Un journaliste pris pour cible par l’ancien Premier ministre

Le journaliste Erik Valenčič, du service de télévision publique slovène, a été convoqué à une audition par un procureur mercredi 28 janvier 2015. Il a refusé de répondre aux questions pendant son interrogatoire. Il est accusé d’avoir divulgué des informations classifiées : en janvier 2014, il avait rendu public un rapport de Sova sur l’extrême droite slovène dans un documentaire télévisé. D’après le journaliste, le document, commandé à Sova par un comité parlementaire en septembre 2012, ne contenait pas d’informations vraiment sensibles. Le journaliste avait par ailleurs enlevé ou caché les informations qu’il considérait comme telles. Janez Jansa, président du gouvernement slovène jusqu’en 2013, a twitté à son sujet le mardi 27 janvier 2015, l’accusant d’être un “terroriste potentiel”. Le ministère des Affaires étrangères israélien, ainsi que la CIA et la sécurité des aéroports étaient taggés dans ce tweet, accompagné de trois photographies d’Erik Valenčič, récupérées dans ses archives personnelles. Une des photographies représente le journaliste avec une Kalasnikov en 2006, dans une chambre d’hôtel en Irak où il était alors correspondant de guerre. Un tweet qui vise clairement le journaliste et sa crédibilité, en plus de lui assurer des difficultés pour voyager à l’étranger dans le futur.

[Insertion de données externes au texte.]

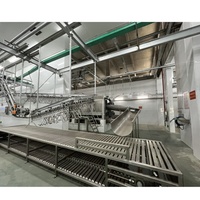 Ligne d'abattage porcin industrielle, équipement complet de transformation du porc, solution personnalisée pour abattoir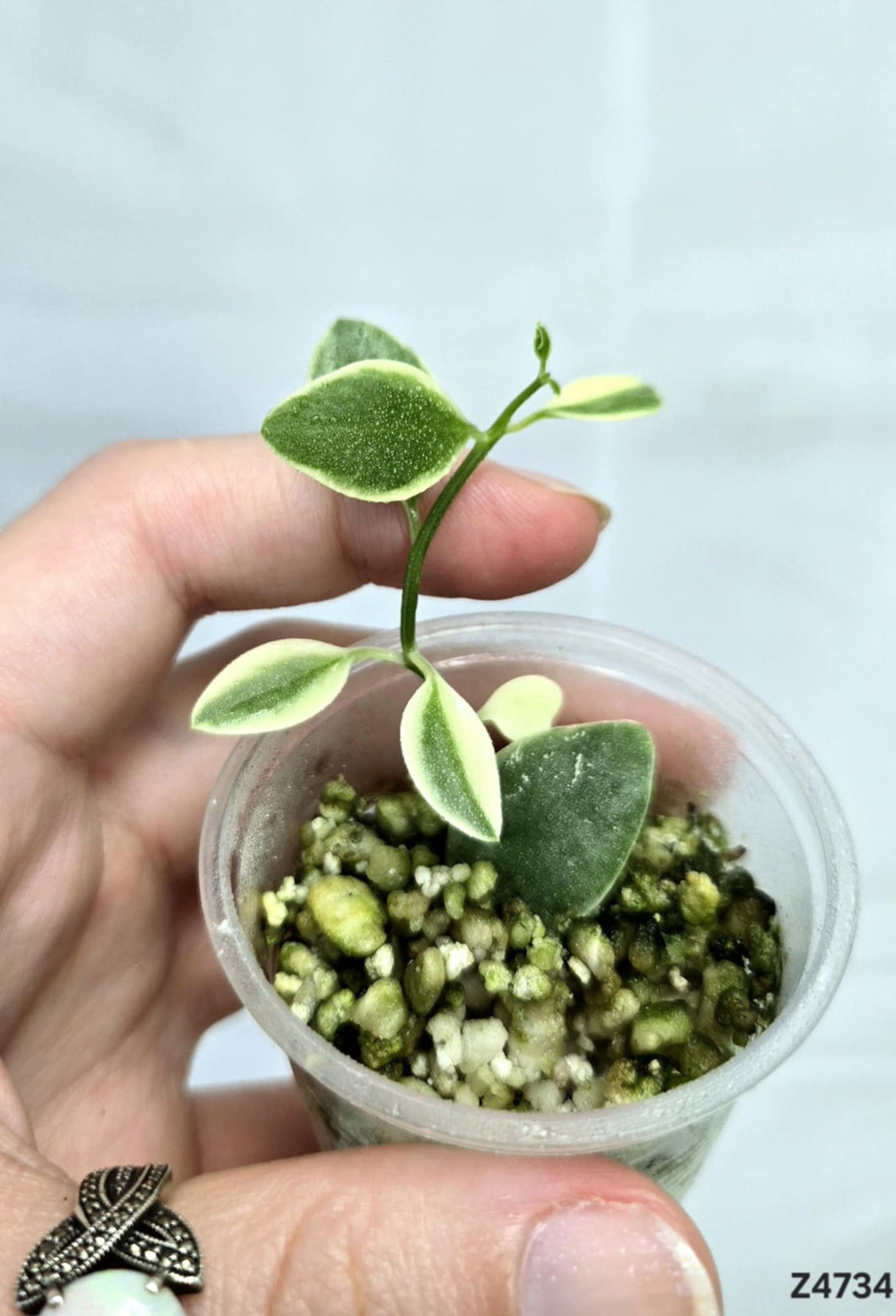 Dischidia Oiantha Variegata  #Z4734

Les freins à la liberté de la presse

En 2008, le parti SDS de Jansa a fait prendre une direction autoritaire à la politique slovène, notamment en matière de liberté de la presse. Le nouveau code pénal slovène, voté au Parlement la même année, introduit des dispositions dangereuses pour la liberté d’information. Depuis cette date, plusieurs journalistes ont manifestement été utilisés par Sova et les acteurs politiques. Avant 2008, le code criminel comprenait un article sur la “divulgation d’informations classifiées”, qui autorisait la publication d’informations sensibles si elles étaient publiées afin de rendre public des irrégularités. Ce paragraphe, qui assurait une forme de protection aux journalistes, a été enlevé du code criminel en 2008. Il paraît aujourd’hui essentiel de réintroduire ce paragraphe dans le code pénal, et d’introduire une nouvelle disposition qui décriminaliserait les crimes dits d’honneur, toujours punis par la loi slovène. L’interconnexion entre grands magnats des médias et services secrets est un frein réel au journalisme d’investigation slovène. En 2012, l’ancien chef de Sova Sebastjan Selan est devenu administrateur de Marina Portorož, puis directeur de Terme Čatež en 2013, deux entreprises dont l’oligarque et homme d’affaire Bojan Petan est propriétaire. Ce dernier est poursuivi en justice pour “abus de position et abus de confiance dans le cadre d’activités commerciales”. Avec l’homme d’affaire et lobbyiste Franci Zavrl, il aurait détourné 26 millions d’euros et causé 54 millions d’euros de dommages aux entreprises Marina Portoroz et Terme Čatež, dont Selan est aussi l’administrateur. Bojan Petan est aussi le propriétaire du journal Dnevnik. Il fait l’objet d’une enquête des autorités bosniaques pour crime organisé et blanchiment de fonds. Dnevnik n’a pas couvert les poursuites visant son propriétaire et n’a pas parlé de l’enquête de police sur les allégations de crime organisé et de blanchiment d’argent portées contre Bojan Petan. Même lorsque les maisons de Franci Zavrl and Bojan Petan ont été fouillées, seul le nom de Zavrl a été cité sur le site internet de Dnevnik et dans ses articles. Petan a finalement été cité par le journal avec plusieurs heures de retard sur les autres médias. La Slovénie figure à la 35ème place sur 180 pays au Classement mondial de la liberté de la presse établi par Reporters sans frontières pour l’année 2015.